For whatever reason, too many people accused of a crime now-a-days choose to accept a plea bargain and forego their constitutional right to a jury trial.[i] There are so many theories and reasons why this might be the situation, but I am here to offer a contrary perspective on why there should be more jury trials. Juries were originally designed to acquit.

Contrary to popular belief, I am here to tell you that the purpose and function of a criminal jury is to acquit the accused. Justice Thurgood Marshall once wrote, “I begin from the fundamental premise, which hardly bears repeating, that ‘[t]he purpose of a trial is as much the acquittal of an innocent person as it is the conviction of a guilty one.’[ii] Think about Justice Marshall’s statement. As a society, we have forgotten that a criminal jury trial is just as much about clearing the accused’s name as it is obtaining a conviction. The other thing that people often fail to appreciate is this: as long as there are no constitutional errors that interfered with jury trial right and process, whatever verdict a criminal jury returns is justice because the system worked.[iii]

During jury selection, I talk with the potential jurors about this idea that this criminal trial is also about clearing my client’s name. It is my client’s chance to get their liberty, freedom, and peace of mind back as it is anything else. As we discuss this topic during the selection process, it is always interesting for me to see few light bulbs go off above potential juror’s heads as they have a Eureka moment. Many of them have never considered that a trial could be for that purpose. In all honesty, how many Americans think of a criminal trial as the mechanism to clear the accused’s name? Probably very, very few. The truth is Americans are incessantly bombarded by media accounts of criminal atrocities all day long.

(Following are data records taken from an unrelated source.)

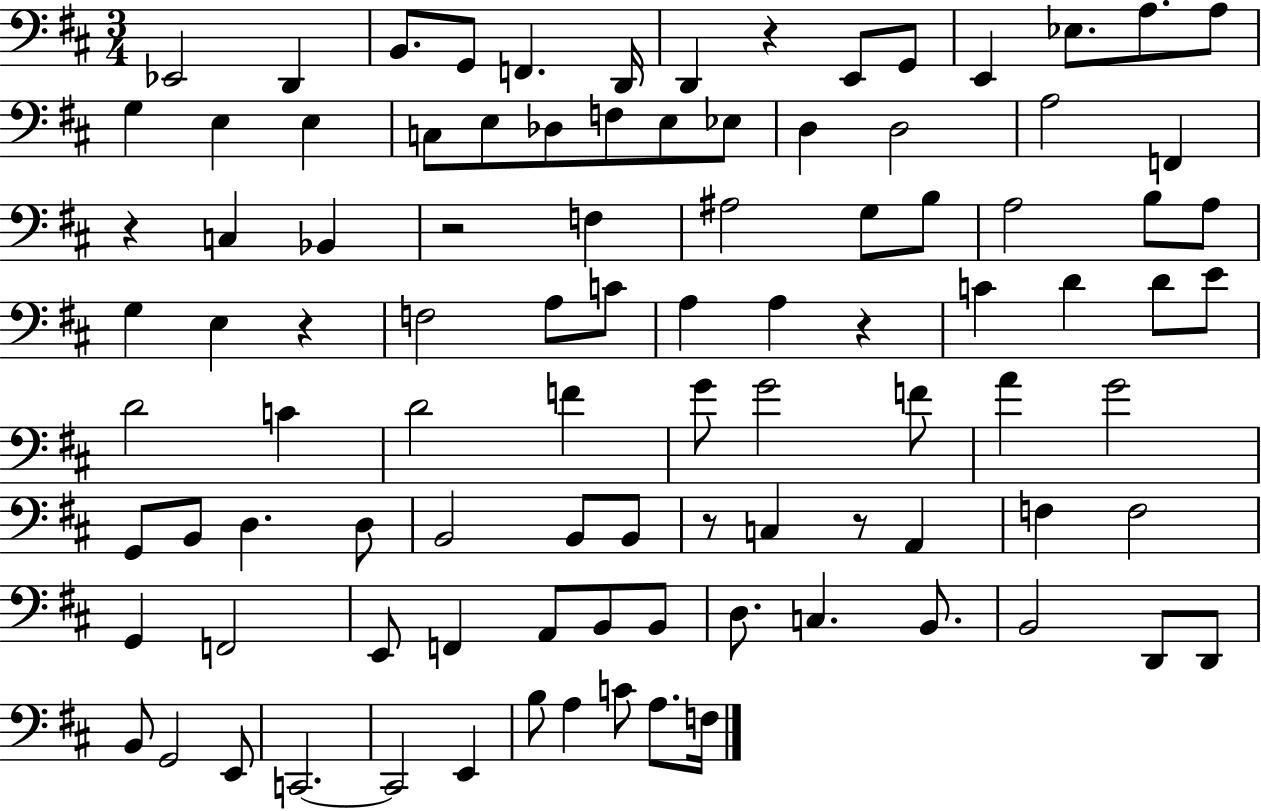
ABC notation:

X:1
T:Untitled
M:3/4
L:1/4
K:D
_E,,2 D,, B,,/2 G,,/2 F,, D,,/4 D,, z E,,/2 G,,/2 E,, _E,/2 A,/2 A,/2 G, E, E, C,/2 E,/2 _D,/2 F,/2 E,/2 _E,/2 D, D,2 A,2 F,, z C, _B,, z2 F, ^A,2 G,/2 B,/2 A,2 B,/2 A,/2 G, E, z F,2 A,/2 C/2 A, A, z C D D/2 E/2 D2 C D2 F G/2 G2 F/2 A G2 G,,/2 B,,/2 D, D,/2 B,,2 B,,/2 B,,/2 z/2 C, z/2 A,, F, F,2 G,, F,,2 E,,/2 F,, A,,/2 B,,/2 B,,/2 D,/2 C, B,,/2 B,,2 D,,/2 D,,/2 B,,/2 G,,2 E,,/2 C,,2 C,,2 E,, B,/2 A, C/2 A,/2 F,/4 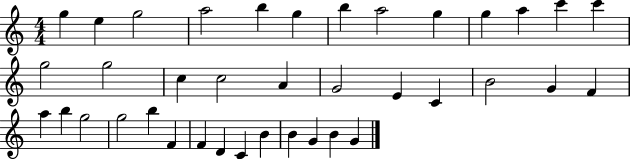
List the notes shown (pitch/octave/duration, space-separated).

G5/q E5/q G5/h A5/h B5/q G5/q B5/q A5/h G5/q G5/q A5/q C6/q C6/q G5/h G5/h C5/q C5/h A4/q G4/h E4/q C4/q B4/h G4/q F4/q A5/q B5/q G5/h G5/h B5/q F4/q F4/q D4/q C4/q B4/q B4/q G4/q B4/q G4/q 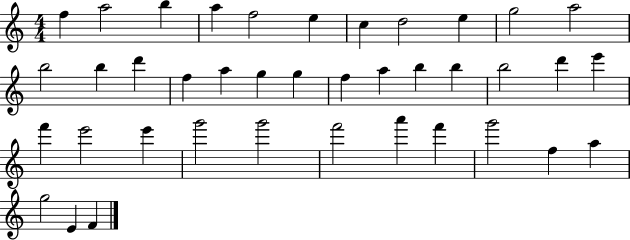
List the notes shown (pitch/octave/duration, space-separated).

F5/q A5/h B5/q A5/q F5/h E5/q C5/q D5/h E5/q G5/h A5/h B5/h B5/q D6/q F5/q A5/q G5/q G5/q F5/q A5/q B5/q B5/q B5/h D6/q E6/q F6/q E6/h E6/q G6/h G6/h F6/h A6/q F6/q G6/h F5/q A5/q G5/h E4/q F4/q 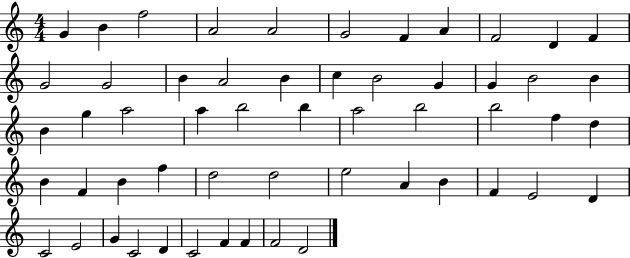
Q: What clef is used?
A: treble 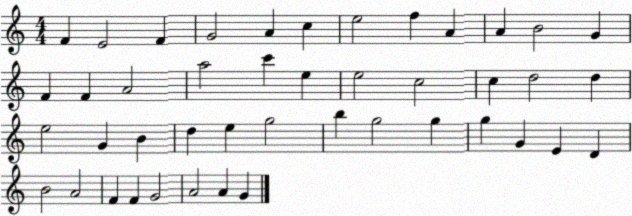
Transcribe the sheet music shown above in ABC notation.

X:1
T:Untitled
M:4/4
L:1/4
K:C
F E2 F G2 A c e2 f A A B2 G F F A2 a2 c' e e2 c2 c d2 d e2 G B d e g2 b g2 g g G E D B2 A2 F F G2 A2 A G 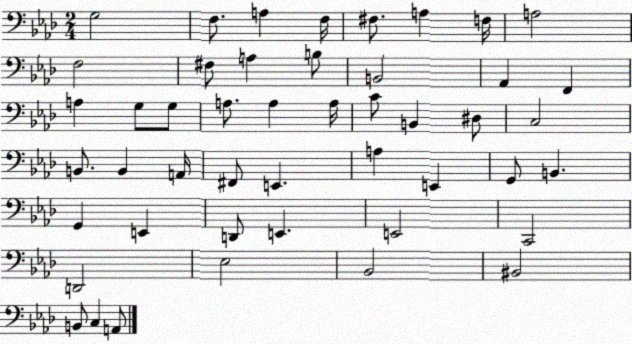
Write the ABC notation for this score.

Our founders realized that the criminal justice system needed to be fair (otherwise what was the point?) After the ratification of the new constitution, the citizens of the several states realized that the new government without institutional checks could perpetrate the same atrocities on the citizens as the British troops did prior to Independence. Out of this dilemma, the Bills of Rights was born.

Over time, the founders put in place a few major constitutional mechanisms to protect the integrity of the system of the criminal justice system. These included a speedy and public trial (i.e., no star chambers or drumhead trials), a trial in the jurisdiction where the crime had occurred, notice as to the charges (i.e., no more secret charges), to confront and cross-examine the witness against the defendant, the assistance of counsel for a defense, no more excessive fines, the right to remain silent, and reasonable terms of release on bail pending trial. All these rights grew directly out of the years of abuse by the Crown. Many of these factors have now come to define what a fair trial should include.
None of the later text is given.